:: Exercise brief ::
Output every line of the material exactly.

:: Supplied data ::
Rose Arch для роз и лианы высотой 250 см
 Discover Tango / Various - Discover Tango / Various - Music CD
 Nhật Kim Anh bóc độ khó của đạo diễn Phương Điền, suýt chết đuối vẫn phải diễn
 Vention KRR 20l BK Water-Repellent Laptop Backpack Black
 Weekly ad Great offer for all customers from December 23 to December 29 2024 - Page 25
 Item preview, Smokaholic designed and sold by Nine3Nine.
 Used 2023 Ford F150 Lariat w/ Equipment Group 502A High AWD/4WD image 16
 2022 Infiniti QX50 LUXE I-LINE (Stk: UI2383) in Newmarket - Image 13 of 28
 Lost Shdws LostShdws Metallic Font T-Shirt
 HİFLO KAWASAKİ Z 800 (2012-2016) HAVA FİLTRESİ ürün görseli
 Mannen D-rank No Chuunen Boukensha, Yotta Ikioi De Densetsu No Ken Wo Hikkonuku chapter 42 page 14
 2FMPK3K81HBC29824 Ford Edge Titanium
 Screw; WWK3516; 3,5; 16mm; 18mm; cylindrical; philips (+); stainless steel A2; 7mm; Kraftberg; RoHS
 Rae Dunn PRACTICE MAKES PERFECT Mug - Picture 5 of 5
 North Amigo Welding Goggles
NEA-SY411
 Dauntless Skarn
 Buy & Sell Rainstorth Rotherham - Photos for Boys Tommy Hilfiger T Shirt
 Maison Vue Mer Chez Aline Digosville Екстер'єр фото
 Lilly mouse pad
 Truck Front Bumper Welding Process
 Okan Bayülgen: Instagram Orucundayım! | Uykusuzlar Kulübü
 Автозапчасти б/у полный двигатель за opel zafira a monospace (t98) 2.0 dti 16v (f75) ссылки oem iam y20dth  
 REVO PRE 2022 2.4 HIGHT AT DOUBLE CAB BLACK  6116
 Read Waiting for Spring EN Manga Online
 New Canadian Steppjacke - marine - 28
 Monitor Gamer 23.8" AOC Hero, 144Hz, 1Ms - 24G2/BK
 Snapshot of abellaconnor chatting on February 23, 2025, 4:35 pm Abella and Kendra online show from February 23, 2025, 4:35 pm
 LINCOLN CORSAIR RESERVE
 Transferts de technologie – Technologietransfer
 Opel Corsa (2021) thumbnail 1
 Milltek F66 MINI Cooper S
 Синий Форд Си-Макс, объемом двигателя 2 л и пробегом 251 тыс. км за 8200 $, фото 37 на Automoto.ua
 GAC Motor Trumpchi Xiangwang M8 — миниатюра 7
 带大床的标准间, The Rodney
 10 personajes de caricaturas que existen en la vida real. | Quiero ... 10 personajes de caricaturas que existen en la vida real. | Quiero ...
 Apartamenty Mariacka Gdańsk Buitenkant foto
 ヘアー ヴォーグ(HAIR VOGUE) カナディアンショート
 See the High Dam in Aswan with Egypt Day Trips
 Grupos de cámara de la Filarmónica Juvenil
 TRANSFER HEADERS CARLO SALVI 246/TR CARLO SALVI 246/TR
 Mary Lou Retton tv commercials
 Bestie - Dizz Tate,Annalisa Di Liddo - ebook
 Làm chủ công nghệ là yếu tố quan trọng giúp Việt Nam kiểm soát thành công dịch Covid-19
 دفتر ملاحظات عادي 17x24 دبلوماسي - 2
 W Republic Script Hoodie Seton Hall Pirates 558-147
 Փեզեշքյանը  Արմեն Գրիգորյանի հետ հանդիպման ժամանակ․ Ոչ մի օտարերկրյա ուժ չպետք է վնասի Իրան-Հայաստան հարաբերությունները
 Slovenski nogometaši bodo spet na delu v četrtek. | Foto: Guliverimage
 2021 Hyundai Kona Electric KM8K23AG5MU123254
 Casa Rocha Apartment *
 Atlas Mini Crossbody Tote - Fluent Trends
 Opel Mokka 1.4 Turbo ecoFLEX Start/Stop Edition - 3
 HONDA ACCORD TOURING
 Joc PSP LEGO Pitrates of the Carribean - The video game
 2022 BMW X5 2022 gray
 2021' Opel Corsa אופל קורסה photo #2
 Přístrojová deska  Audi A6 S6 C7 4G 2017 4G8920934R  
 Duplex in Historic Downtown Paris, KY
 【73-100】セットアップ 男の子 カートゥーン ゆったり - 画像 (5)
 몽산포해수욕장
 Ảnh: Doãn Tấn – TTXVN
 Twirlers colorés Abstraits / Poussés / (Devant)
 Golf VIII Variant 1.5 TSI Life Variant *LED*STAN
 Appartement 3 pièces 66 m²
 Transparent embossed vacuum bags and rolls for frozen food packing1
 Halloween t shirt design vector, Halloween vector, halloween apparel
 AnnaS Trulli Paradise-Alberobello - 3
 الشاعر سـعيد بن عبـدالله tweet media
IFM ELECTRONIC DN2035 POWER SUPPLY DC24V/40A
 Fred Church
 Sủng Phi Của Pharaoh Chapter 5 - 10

:: Response to the exercise ::
Rose Arch для роз и лианы высотой 250 см
 Discover Tango / Various - Discover Tango / Various - Music CD
 Nhật Kim Anh bóc độ khó của đạo diễn Phương Điền, suýt chết đuối vẫn phải diễn
 Vention KRR 20l BK Water-Repellent Laptop Backpack Black
 Weekly ad Great offer for all customers from December 23 to December 29 2024 - Page 25
 Item preview, Smokaholic designed and sold by Nine3Nine.
 Used 2023 Ford F150 Lariat w/ Equipment Group 502A High AWD/4WD image 16
 2022 Infiniti QX50 LUXE I-LINE (Stk: UI2383) in Newmarket - Image 13 of 28
 Lost Shdws LostShdws Metallic Font T-Shirt
 HİFLO KAWASAKİ Z 800 (2012-2016) HAVA FİLTRESİ ürün görseli
 Mannen D-rank No Chuunen Boukensha, Yotta Ikioi De Densetsu No Ken Wo Hikkonuku chapter 42 page 14
 2FMPK3K81HBC29824 Ford Edge Titanium
 Screw; WWK3516; 3,5; 16mm; 18mm; cylindrical; philips (+); stainless steel A2; 7mm; Kraftberg; RoHS
 Rae Dunn PRACTICE MAKES PERFECT Mug - Picture 5 of 5
 North Amigo Welding Goggles
NEA-SY411
 Dauntless Skarn
 Buy & Sell Rainstorth Rotherham - Photos for Boys Tommy Hilfiger T Shirt
 Maison Vue Mer Chez Aline Digosville Екстер'єр фото
 Lilly mouse pad
 Truck Front Bumper Welding Process
 Okan Bayülgen: Instagram Orucundayım! | Uykusuzlar Kulübü
 Автозапчасти б/у полный двигатель за opel zafira a monospace (t98) 2.0 dti 16v (f75) ссылки oem iam y20dth  
 REVO PRE 2022 2.4 HIGHT AT DOUBLE CAB BLACK  6116
 Read Waiting for Spring EN Manga Online
 New Canadian Steppjacke - marine - 28
 Monitor Gamer 23.8" AOC Hero, 144Hz, 1Ms - 24G2/BK
 Snapshot of abellaconnor chatting on February 23, 2025, 4:35 pm Abella and Kendra online show from February 23, 2025, 4:35 pm
 LINCOLN CORSAIR RESERVE
 Transferts de technologie – Technologietransfer
 Opel Corsa (2021) thumbnail 1
 Milltek F66 MINI Cooper S
 Синий Форд Си-Макс, объемом двигателя 2 л и пробегом 251 тыс. км за 8200 $, фото 37 на Automoto.ua
 GAC Motor Trumpchi Xiangwang M8 — миниатюра 7
 带大床的标准间, The Rodney
 10 personajes de caricaturas que existen en la vida real. | Quiero ... 10 personajes de caricaturas que existen en la vida real. | Quiero ...
 Apartamenty Mariacka Gdańsk Buitenkant foto
 ヘアー ヴォーグ(HAIR VOGUE) カナディアンショート
 See the High Dam in Aswan with Egypt Day Trips
 Grupos de cámara de la Filarmónica Juvenil
 TRANSFER HEADERS CARLO SALVI 246/TR CARLO SALVI 246/TR
 Mary Lou Retton tv commercials
 Bestie - Dizz Tate,Annalisa Di Liddo - ebook
 Làm chủ công nghệ là yếu tố quan trọng giúp Việt Nam kiểm soát thành công dịch Covid-19
 دفتر ملاحظات عادي 17x24 دبلوماسي - 2
 W Republic Script Hoodie Seton Hall Pirates 558-147
 Փեզեշքյանը  Արմեն Գրիգորյանի հետ հանդիպման ժամանակ․ Ոչ մի օտարերկրյա ուժ չպետք է վնասի Իրան-Հայաստան հարաբերությունները
 Slovenski nogometaši bodo spet na delu v četrtek. | Foto: Guliverimage
 2021 Hyundai Kona Electric KM8K23AG5MU123254
 Casa Rocha Apartment *
 Atlas Mini Crossbody Tote - Fluent Trends
 Opel Mokka 1.4 Turbo ecoFLEX Start/Stop Edition - 3
 HONDA ACCORD TOURING
 Joc PSP LEGO Pitrates of the Carribean - The video game
 2022 BMW X5 2022 gray
 2021' Opel Corsa אופל קורסה photo #2
 Přístrojová deska  Audi A6 S6 C7 4G 2017 4G8920934R  
 Duplex in Historic Downtown Paris, KY
 【73-100】セットアップ 男の子 カートゥーン ゆったり - 画像 (5)
 몽산포해수욕장
 Ảnh: Doãn Tấn – TTXVN
 Twirlers colorés Abstraits / Poussés / (Devant)
 Golf VIII Variant 1.5 TSI Life Variant *LED*STAN
 Appartement 3 pièces 66 m²
 Transparent embossed vacuum bags and rolls for frozen food packing1
 Halloween t shirt design vector, Halloween vector, halloween apparel
 AnnaS Trulli Paradise-Alberobello - 3
 الشاعر سـعيد بن عبـدالله tweet media
IFM ELECTRONIC DN2035 POWER SUPPLY DC24V/40A
 Fred Church
 Sủng Phi Của Pharaoh Chapter 5 - 10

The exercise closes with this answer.